ASSIGNED TASK:
Please return every record below exactly as it stands.

Start of ENTRIES SHOWN

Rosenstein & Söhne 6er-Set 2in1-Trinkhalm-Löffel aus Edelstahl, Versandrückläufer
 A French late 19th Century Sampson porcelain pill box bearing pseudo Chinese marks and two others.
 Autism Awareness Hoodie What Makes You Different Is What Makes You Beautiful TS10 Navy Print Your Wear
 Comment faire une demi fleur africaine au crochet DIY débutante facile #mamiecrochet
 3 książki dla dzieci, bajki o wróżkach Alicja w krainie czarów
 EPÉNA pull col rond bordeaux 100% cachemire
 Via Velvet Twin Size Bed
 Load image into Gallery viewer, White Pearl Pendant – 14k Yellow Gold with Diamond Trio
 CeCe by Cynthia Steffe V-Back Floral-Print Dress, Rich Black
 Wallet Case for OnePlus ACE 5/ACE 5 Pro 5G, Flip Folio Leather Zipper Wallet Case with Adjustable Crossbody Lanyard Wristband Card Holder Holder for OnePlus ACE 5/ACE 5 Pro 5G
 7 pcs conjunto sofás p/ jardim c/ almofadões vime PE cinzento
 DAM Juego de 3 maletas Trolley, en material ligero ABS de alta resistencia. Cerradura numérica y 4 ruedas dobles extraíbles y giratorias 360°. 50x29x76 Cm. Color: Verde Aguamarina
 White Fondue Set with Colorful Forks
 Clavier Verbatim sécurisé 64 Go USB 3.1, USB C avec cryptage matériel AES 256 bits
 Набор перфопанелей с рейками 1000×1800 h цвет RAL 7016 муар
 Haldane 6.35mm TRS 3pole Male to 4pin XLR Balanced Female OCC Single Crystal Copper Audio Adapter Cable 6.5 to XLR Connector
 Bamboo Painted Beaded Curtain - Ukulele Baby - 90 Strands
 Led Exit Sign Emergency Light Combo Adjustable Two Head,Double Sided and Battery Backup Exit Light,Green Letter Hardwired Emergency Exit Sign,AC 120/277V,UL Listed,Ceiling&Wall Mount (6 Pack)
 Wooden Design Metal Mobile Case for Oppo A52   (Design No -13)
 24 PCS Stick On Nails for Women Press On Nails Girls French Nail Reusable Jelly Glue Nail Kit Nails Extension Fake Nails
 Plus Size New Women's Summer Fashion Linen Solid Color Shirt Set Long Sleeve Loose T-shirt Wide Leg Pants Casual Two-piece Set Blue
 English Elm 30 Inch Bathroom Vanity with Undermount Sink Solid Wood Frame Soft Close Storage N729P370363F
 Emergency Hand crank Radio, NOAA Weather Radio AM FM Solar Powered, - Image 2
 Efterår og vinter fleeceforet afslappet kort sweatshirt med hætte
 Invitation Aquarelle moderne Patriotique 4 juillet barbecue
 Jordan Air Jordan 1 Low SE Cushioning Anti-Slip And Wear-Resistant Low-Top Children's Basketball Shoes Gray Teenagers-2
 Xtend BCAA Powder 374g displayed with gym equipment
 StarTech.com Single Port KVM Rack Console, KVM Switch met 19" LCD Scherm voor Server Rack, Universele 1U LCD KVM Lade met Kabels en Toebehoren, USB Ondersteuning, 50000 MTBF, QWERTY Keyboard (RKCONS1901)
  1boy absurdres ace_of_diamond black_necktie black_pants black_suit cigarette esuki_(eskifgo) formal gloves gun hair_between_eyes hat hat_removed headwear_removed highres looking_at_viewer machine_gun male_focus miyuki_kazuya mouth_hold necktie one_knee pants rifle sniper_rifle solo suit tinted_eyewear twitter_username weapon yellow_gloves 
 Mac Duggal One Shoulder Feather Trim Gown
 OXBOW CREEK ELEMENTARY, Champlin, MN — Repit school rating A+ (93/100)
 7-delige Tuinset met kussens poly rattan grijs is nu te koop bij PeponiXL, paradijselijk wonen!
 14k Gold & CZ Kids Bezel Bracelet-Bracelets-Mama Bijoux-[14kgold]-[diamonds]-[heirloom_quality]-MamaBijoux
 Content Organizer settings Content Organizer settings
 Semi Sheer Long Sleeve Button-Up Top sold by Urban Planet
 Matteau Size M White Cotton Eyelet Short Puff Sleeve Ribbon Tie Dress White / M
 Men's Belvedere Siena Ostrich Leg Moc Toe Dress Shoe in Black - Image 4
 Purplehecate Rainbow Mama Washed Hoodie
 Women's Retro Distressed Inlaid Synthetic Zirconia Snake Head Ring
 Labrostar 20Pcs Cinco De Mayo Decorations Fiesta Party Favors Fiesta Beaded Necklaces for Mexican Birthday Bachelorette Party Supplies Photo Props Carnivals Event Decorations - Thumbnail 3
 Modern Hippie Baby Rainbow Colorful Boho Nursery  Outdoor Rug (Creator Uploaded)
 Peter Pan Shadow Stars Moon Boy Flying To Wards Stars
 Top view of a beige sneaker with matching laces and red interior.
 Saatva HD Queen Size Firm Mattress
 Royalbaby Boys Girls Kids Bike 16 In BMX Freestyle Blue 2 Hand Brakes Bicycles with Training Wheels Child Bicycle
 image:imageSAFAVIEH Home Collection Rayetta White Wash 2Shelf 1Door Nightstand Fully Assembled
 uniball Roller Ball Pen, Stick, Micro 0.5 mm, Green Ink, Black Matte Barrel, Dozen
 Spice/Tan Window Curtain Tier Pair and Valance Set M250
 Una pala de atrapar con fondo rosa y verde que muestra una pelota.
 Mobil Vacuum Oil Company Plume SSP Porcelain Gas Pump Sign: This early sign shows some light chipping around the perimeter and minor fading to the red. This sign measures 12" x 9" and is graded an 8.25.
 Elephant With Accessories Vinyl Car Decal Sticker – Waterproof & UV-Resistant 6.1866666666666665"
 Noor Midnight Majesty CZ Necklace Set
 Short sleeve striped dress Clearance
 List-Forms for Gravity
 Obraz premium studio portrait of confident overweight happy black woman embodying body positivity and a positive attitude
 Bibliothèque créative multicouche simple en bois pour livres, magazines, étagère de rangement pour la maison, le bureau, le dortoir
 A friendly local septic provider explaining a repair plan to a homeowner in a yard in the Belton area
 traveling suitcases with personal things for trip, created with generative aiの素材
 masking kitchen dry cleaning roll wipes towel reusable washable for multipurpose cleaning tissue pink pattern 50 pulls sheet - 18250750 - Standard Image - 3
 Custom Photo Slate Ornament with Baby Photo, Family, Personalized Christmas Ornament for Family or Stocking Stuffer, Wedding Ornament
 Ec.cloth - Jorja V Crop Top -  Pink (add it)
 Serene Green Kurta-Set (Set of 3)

End of ENTRIES SHOWN

COMPLETED EXERCISE:
Rosenstein & Söhne 6er-Set 2in1-Trinkhalm-Löffel aus Edelstahl, Versandrückläufer
 A French late 19th Century Sampson porcelain pill box bearing pseudo Chinese marks and two others.
 Autism Awareness Hoodie What Makes You Different Is What Makes You Beautiful TS10 Navy Print Your Wear
 Comment faire une demi fleur africaine au crochet DIY débutante facile #mamiecrochet
 3 książki dla dzieci, bajki o wróżkach Alicja w krainie czarów
 EPÉNA pull col rond bordeaux 100% cachemire
 Via Velvet Twin Size Bed
 Load image into Gallery viewer, White Pearl Pendant – 14k Yellow Gold with Diamond Trio
 CeCe by Cynthia Steffe V-Back Floral-Print Dress, Rich Black
 Wallet Case for OnePlus ACE 5/ACE 5 Pro 5G, Flip Folio Leather Zipper Wallet Case with Adjustable Crossbody Lanyard Wristband Card Holder Holder for OnePlus ACE 5/ACE 5 Pro 5G
 7 pcs conjunto sofás p/ jardim c/ almofadões vime PE cinzento
 DAM Juego de 3 maletas Trolley, en material ligero ABS de alta resistencia. Cerradura numérica y 4 ruedas dobles extraíbles y giratorias 360°. 50x29x76 Cm. Color: Verde Aguamarina
 White Fondue Set with Colorful Forks
 Clavier Verbatim sécurisé 64 Go USB 3.1, USB C avec cryptage matériel AES 256 bits
 Набор перфопанелей с рейками 1000×1800 h цвет RAL 7016 муар
 Haldane 6.35mm TRS 3pole Male to 4pin XLR Balanced Female OCC Single Crystal Copper Audio Adapter Cable 6.5 to XLR Connector
 Bamboo Painted Beaded Curtain - Ukulele Baby - 90 Strands
 Led Exit Sign Emergency Light Combo Adjustable Two Head,Double Sided and Battery Backup Exit Light,Green Letter Hardwired Emergency Exit Sign,AC 120/277V,UL Listed,Ceiling&Wall Mount (6 Pack)
 Wooden Design Metal Mobile Case for Oppo A52   (Design No -13)
 24 PCS Stick On Nails for Women Press On Nails Girls French Nail Reusable Jelly Glue Nail Kit Nails Extension Fake Nails
 Plus Size New Women's Summer Fashion Linen Solid Color Shirt Set Long Sleeve Loose T-shirt Wide Leg Pants Casual Two-piece Set Blue
 English Elm 30 Inch Bathroom Vanity with Undermount Sink Solid Wood Frame Soft Close Storage N729P370363F
 Emergency Hand crank Radio, NOAA Weather Radio AM FM Solar Powered, - Image 2
 Efterår og vinter fleeceforet afslappet kort sweatshirt med hætte
 Invitation Aquarelle moderne Patriotique 4 juillet barbecue
 Jordan Air Jordan 1 Low SE Cushioning Anti-Slip And Wear-Resistant Low-Top Children's Basketball Shoes Gray Teenagers-2
 Xtend BCAA Powder 374g displayed with gym equipment
 StarTech.com Single Port KVM Rack Console, KVM Switch met 19" LCD Scherm voor Server Rack, Universele 1U LCD KVM Lade met Kabels en Toebehoren, USB Ondersteuning, 50000 MTBF, QWERTY Keyboard (RKCONS1901)
  1boy absurdres ace_of_diamond black_necktie black_pants black_suit cigarette esuki_(eskifgo) formal gloves gun hair_between_eyes hat hat_removed headwear_removed highres looking_at_viewer machine_gun male_focus miyuki_kazuya mouth_hold necktie one_knee pants rifle sniper_rifle solo suit tinted_eyewear twitter_username weapon yellow_gloves 
 Mac Duggal One Shoulder Feather Trim Gown
 OXBOW CREEK ELEMENTARY, Champlin, MN — Repit school rating A+ (93/100)
 7-delige Tuinset met kussens poly rattan grijs is nu te koop bij PeponiXL, paradijselijk wonen!
 14k Gold & CZ Kids Bezel Bracelet-Bracelets-Mama Bijoux-[14kgold]-[diamonds]-[heirloom_quality]-MamaBijoux
 Content Organizer settings Content Organizer settings
 Semi Sheer Long Sleeve Button-Up Top sold by Urban Planet
 Matteau Size M White Cotton Eyelet Short Puff Sleeve Ribbon Tie Dress White / M
 Men's Belvedere Siena Ostrich Leg Moc Toe Dress Shoe in Black - Image 4
 Purplehecate Rainbow Mama Washed Hoodie
 Women's Retro Distressed Inlaid Synthetic Zirconia Snake Head Ring
 Labrostar 20Pcs Cinco De Mayo Decorations Fiesta Party Favors Fiesta Beaded Necklaces for Mexican Birthday Bachelorette Party Supplies Photo Props Carnivals Event Decorations - Thumbnail 3
 Modern Hippie Baby Rainbow Colorful Boho Nursery  Outdoor Rug (Creator Uploaded)
 Peter Pan Shadow Stars Moon Boy Flying To Wards Stars
 Top view of a beige sneaker with matching laces and red interior.
 Saatva HD Queen Size Firm Mattress
 Royalbaby Boys Girls Kids Bike 16 In BMX Freestyle Blue 2 Hand Brakes Bicycles with Training Wheels Child Bicycle
 image:imageSAFAVIEH Home Collection Rayetta White Wash 2Shelf 1Door Nightstand Fully Assembled
 uniball Roller Ball Pen, Stick, Micro 0.5 mm, Green Ink, Black Matte Barrel, Dozen
 Spice/Tan Window Curtain Tier Pair and Valance Set M250
 Una pala de atrapar con fondo rosa y verde que muestra una pelota.
 Mobil Vacuum Oil Company Plume SSP Porcelain Gas Pump Sign: This early sign shows some light chipping around the perimeter and minor fading to the red. This sign measures 12" x 9" and is graded an 8.25.
 Elephant With Accessories Vinyl Car Decal Sticker – Waterproof & UV-Resistant 6.1866666666666665"
 Noor Midnight Majesty CZ Necklace Set
 Short sleeve striped dress Clearance
 List-Forms for Gravity
 Obraz premium studio portrait of confident overweight happy black woman embodying body positivity and a positive attitude
 Bibliothèque créative multicouche simple en bois pour livres, magazines, étagère de rangement pour la maison, le bureau, le dortoir
 A friendly local septic provider explaining a repair plan to a homeowner in a yard in the Belton area
 traveling suitcases with personal things for trip, created with generative aiの素材
 masking kitchen dry cleaning roll wipes towel reusable washable for multipurpose cleaning tissue pink pattern 50 pulls sheet - 18250750 - Standard Image - 3
 Custom Photo Slate Ornament with Baby Photo, Family, Personalized Christmas Ornament for Family or Stocking Stuffer, Wedding Ornament
 Ec.cloth - Jorja V Crop Top -  Pink (add it)
 Serene Green Kurta-Set (Set of 3)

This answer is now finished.